Negotiation is not Appeasement

The past couple days there has been a discussion between American political figures about appeasement.

One side says it is appeasement to be willing to negotiate with one’s enemies. Candidate Obama—who may have been the target of the remarks by President Bush and Candidate McCain—says it is not appeasement to be willing to talk, as a means of averting violence when there are strong issues between the two sides.

This web log is not about picking politicians. It is about negotiation. Negotiation is not appeasement, it is good sense. Being willing to negotiate—in a context of some agreed ground rules—is the beginning of solving problems by resolving issues.

You need a reasonable set of ground rules, whether the issues are as large as those in the Middle East, or as small as whether Johnnie or Susie gets to play with the fire truck for the next half hour. Those ought to include agreement to be civil, not to call names or make accusations. Instead, the focus ought to be, first, on clear statements by each side on what they need to get out of the negotiation. Not “You stop hitting me.” /”You stop cursing me first.”

Instead, “I need to be able to live without being hit.” The debate is not then to be about which side is stronger and can win a battle, but whether both sides would be happy without violence, and what the details of such a peace would be.

Both sides should be creative about what they might concede to get peace, provided those concessions are part of a package, a complete deal.

The deal struck ought to be one which outsiders would consider reasonable, fair and just.

Although the root of the word “appease” is in the word “peace”, we today usually take the word to mean to buy off at the expense of principle.

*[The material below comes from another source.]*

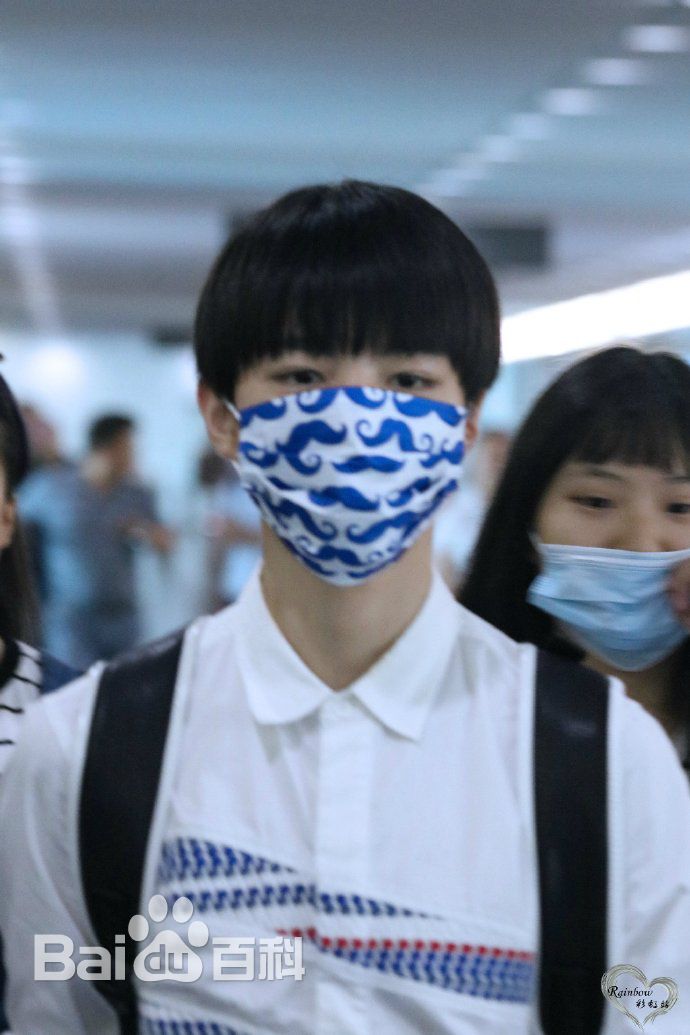 王俊凯(Karry)机场图册（二）生活照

However, not every principle is one most people would consider fair, reasonable and just. For example, drawing from the Middle East, some Americans would consider it their principle that every nation should be democratic in government. But not everyone would agree that it is just to apply that principle to a nation not your own.

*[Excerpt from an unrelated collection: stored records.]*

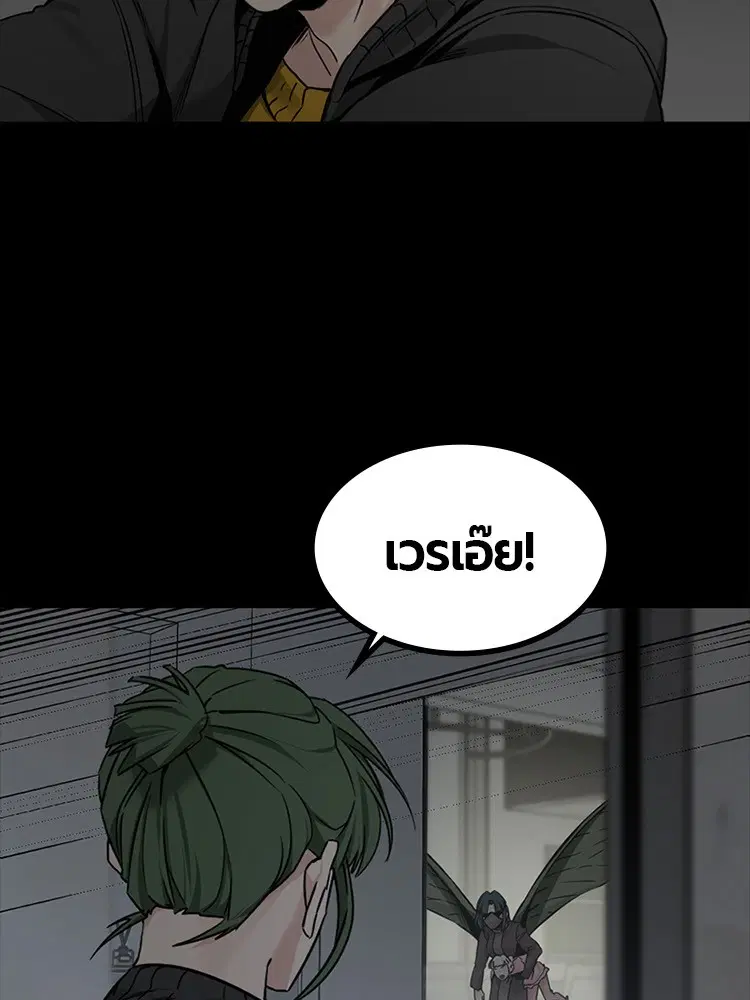 HERO KILLER ตอนที่ 99 หน้า 109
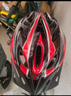 5766 轮滑护具成人儿童头盔护具套装全套专业自行车安全帽滑板溜冰平衡护膝 黑红色头盔+牛头护具 中码  适合7-12岁儿童 实拍图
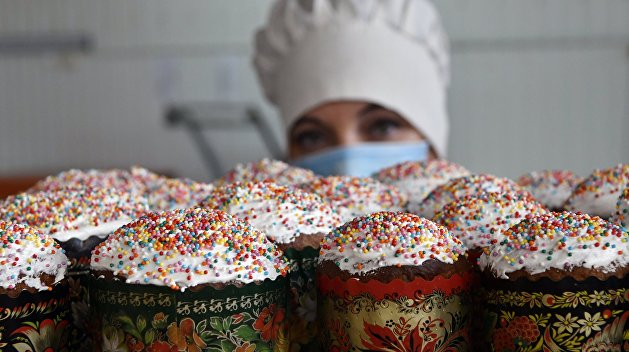 1031302894 пасха что делают в этот день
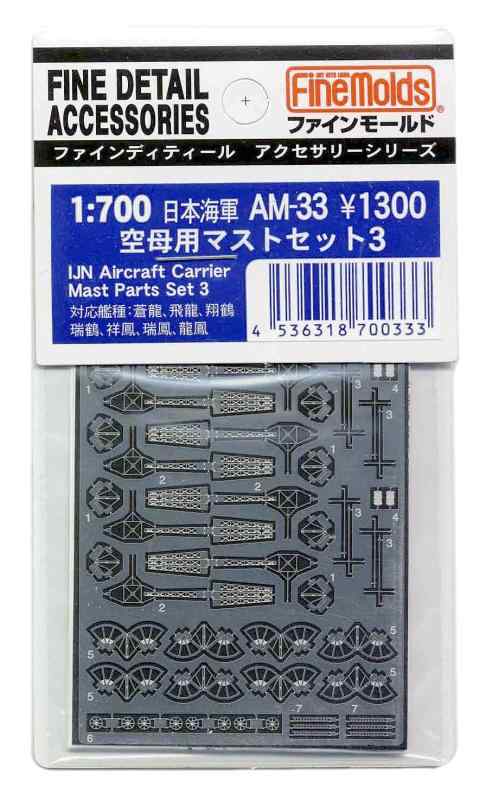 ファインモールド 1/700 艦船用アクセサリー 日本海軍 空母マストセット3 プラモデル用パーツ AM33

Some Muslims believe as a principle that a government must follow strictly the rules and governmental structures laid down in the Quran. They do not accept a democratic government, nor practice by non-Muslims of rules of life not in the Quran, e.g., their own faith’s rules of life.

It is clear both cannot exactly follow their principles and come to an agreed resolution, because both sides wish to apply their own principles outside their own dominion. Both sides will need to give to get.

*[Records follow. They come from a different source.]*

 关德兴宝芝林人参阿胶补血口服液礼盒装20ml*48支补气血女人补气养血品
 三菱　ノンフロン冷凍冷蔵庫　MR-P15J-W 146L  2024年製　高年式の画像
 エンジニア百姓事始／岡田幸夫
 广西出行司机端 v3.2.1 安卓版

I am not suggesting what that might look like. Wiser heads than mine have been working on this for many decades.

I do suggest that there are rules both sides could agree on during the process of coming to terms, such as mutual respect, civility, working together creatively to make a resolution, and listening sincerely to the views of third parties on what is fair, reasonable and just.

One can, then, be firm (“I will talk, but I reserve the right to say ‘no.’”), and insist on those rules of process as a precondition to speaking, while expressing a willing to negotiation. That is not appeasement.

Negotiation 101: One can negotiate, under pre-established rules of process, aiming at a mutually agreed bargain, without it being appeasement.

1 comment:

  1. Anonymous6:53 PM

    I realized that negotiation was not appeasement when I attended a negotiation seminar. The speaker brought two volunteers to the front and presented them with 5 one dollar bills which they had to split. Since 5 one dollar bills cannot be split equally, the first instinct was for someone to say, “OK, I’ll take $2 and you have the remaining $3” (or vice versa). But that is appeasement, not negotiation, and better solutions exist. For example, each could take $2 and play paper, rocks scissors for the last dollar or something like that.